Image from comicsalliance.com
Writer: Kelly Sue DeConnick
Artist: Emma Rios
Colors: Jordie Bellaire
Publisher: Image Comics
Announced at last years San Diego Comic Con, the supernatural/western, “Pretty Deadly” hooked me from the beginning. Discovering Kelly Sue DeConnick’s work first on Marvel’s underrated mini-series “Girl Comics,” DeConnick along with artist Emma Rios produced another highly underrated mini-series for Marvel called “Osborn.” Since then, DeConnick has become a real star with her highest profile story being the current run on Marvel’s “Captain Marvel.” After over a year after it’s announcement, “Pretty Deadly” has finally hit the stands, but it might be something I wait awhile longer to read as a whole.

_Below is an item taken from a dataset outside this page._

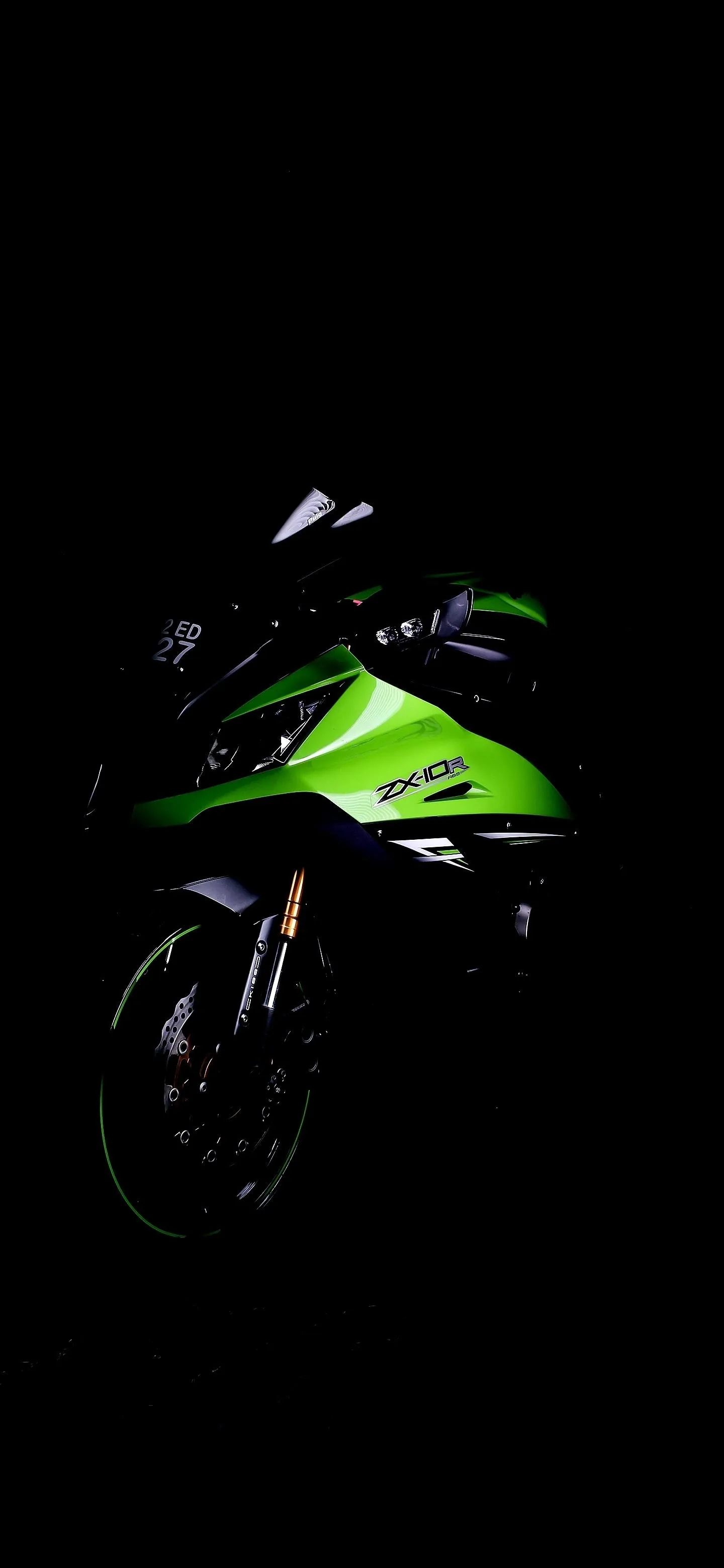 Green Sports Bike Shining in Midnight Darkness Wallpaper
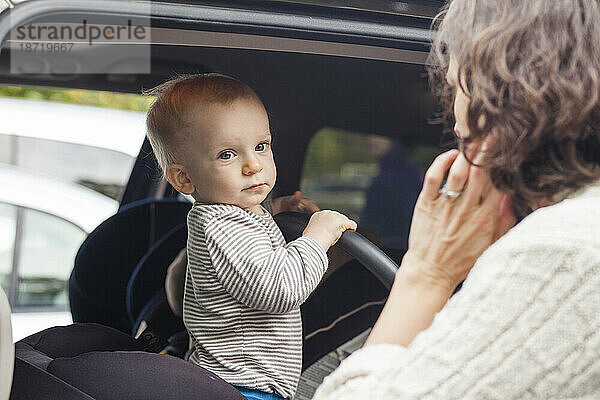 Eine Mutter setzt ihr Baby in den Autositz eines Minivans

There are a lot of things going on in this book. The story is told from the point of view of a butterfly and a bunny reminiscing on their first meeting. Through their conversation they decide that the best start is following a duo of performers named Sissy and Fox. Sissy is a young woman with different colored eyes, a black dress and a vulture headdress with black feathers that drape down the back. Fox is a grizzled, older blind man with long gray hair, gray beard, and a blindfold that covers his eyes and hides an “X” shaped scare on his face.
The duo travel around as a stage show and tell the tale of Deathface Ginny, the Reaper of Vengeance singing “If you’ve been wronged, say her name, sing this song” and death will ride on the wind.
After performing, Sissy is tipped with a piece of paper from an outlaw named Johnny. The contents of the parchment are secret, but as the issue continues, there are groups of people who will kill to find out what’s on that paper.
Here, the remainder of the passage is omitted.